Steve Cash, of Park Hall junior school, in Walsall, has set up well-respected choirs and an orchestra, and teaches its 400 pupils to compose and perform their own songs.
This week Lord Adonis, the schools minister, announced pound;2 million for extra training for primary music teachers to encourage them to adopt an approach more like Park Hall's.
The money, part of a wider pound;30m promotion of music for seven to 11-year-olds, will fund the Open university and Trinity College, London, to devise free courses, starting next spring, for some 2,000 primary music teachers.
Mr Cash no longer has his own class but teaches music across the school. He said: "Music brings the school together. It is seen as being an important part of the school, and that's why the children want to be involved."
Pete Griffin, Park Hall's head, said former pupils returned fondly to Park Hall to join in choir or orchestra rehearsals.

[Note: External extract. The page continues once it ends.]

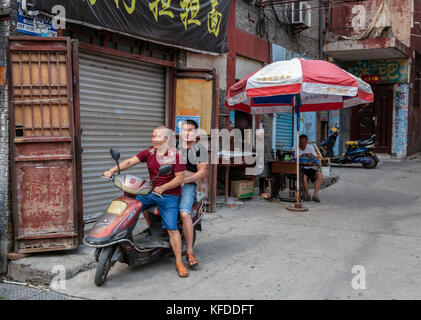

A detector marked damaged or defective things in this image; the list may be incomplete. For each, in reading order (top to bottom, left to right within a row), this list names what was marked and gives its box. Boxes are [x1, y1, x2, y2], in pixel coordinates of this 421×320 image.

"These days, we are so focused on English, maths and science targets that it's good to have something that's strong that we excel at," he said.
An Ofsted report on the teaching of music found that the number of children learning to play an instrument rose from 7 per cent in 2002 to 13 per cent in 2005.
* A recent study by Laurel Trainor of McMaster university in Ontario, Canada, suggests that music lessons could improve young children's memories.
Professor Trainor's research found that children aged between four and six who were taught music for a year performed better in memory tests than those who had not.